Ohtani may already be the greatest to whoever wants him to be

The real answer is that he’s … kind of already the greatest? If not of all time (if such a thing is possible in baseball, the lack of agreement suggests it probably isn’t), then the greatest, at least, to some people. To me, maybe. He’s the greatest player I’ve ever seen. He’s what I think of when I think “baseball,” and the first player I’ll tell my kids about. Pretty soon, nobody alive will have seen Ruth in 1927 and so Ohtani will be the magical pitching-and-hitting impossibility that we can all look back on.

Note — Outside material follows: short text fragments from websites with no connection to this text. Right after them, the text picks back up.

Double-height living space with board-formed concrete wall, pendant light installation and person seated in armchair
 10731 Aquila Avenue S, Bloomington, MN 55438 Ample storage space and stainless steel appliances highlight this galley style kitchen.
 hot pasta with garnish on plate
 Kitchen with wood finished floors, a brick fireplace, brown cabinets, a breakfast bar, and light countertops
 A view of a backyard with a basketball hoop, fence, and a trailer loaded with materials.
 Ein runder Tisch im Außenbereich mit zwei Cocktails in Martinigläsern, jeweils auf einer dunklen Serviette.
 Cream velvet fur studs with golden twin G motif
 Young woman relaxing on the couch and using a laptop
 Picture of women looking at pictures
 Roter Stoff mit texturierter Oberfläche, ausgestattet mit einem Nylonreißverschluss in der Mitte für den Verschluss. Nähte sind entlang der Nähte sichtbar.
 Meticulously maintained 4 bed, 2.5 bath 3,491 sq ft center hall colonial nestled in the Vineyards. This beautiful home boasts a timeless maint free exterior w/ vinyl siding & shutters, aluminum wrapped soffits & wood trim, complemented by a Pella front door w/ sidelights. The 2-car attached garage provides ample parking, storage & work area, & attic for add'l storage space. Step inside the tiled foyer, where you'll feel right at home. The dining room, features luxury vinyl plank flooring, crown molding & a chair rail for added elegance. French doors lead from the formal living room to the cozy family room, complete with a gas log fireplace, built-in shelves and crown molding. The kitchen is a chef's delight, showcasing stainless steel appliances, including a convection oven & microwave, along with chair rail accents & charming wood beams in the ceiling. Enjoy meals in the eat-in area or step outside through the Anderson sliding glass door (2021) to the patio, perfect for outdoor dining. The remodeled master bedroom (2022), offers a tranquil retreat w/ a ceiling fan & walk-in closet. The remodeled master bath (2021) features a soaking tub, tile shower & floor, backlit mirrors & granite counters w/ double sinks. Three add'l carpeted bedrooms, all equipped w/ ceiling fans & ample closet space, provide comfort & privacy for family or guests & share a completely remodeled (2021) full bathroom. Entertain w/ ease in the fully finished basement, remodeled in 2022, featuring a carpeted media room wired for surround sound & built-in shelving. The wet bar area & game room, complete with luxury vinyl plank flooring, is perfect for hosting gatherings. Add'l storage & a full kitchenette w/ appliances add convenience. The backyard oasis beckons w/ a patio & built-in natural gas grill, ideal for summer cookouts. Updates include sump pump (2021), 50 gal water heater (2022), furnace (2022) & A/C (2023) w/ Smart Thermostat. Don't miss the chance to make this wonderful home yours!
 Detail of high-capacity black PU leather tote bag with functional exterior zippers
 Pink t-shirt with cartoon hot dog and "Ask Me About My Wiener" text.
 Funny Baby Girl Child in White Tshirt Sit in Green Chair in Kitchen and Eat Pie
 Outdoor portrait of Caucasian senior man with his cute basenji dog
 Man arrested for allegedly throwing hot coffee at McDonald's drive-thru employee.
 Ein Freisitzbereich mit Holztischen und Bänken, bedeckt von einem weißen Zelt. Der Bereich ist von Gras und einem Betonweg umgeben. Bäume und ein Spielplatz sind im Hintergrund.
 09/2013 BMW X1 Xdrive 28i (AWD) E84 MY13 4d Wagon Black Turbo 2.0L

He is also one of baseball’s greatest international ambassadors, and will likely go down as the man who — even more than Ichiro Suzuki — brought baseball to more parts of the world and the world to American sports. Any lingering American chauvinism in sports cannot possibly survive Ohtani, who is so undoubtedly the greatest and so undoubtedly the coolest. That is a credit that is uniquely his.
I wouldn’t go around telling people on the street that Ohtani is the GOAT, but the fact that you can do that and nobody will get too angry at you is a testament to his already-cemented legacy. He is perhaps the most talented human ever to play baseball, and the length of his career will determine his position on the all-time charts — if talent alone were a measure of greatness, we would have many more GOATs. But Ohtani can already be the greatest to whoever wants him to be. In a sport that’s over 150 years old, that is a titanic achievement in its own right.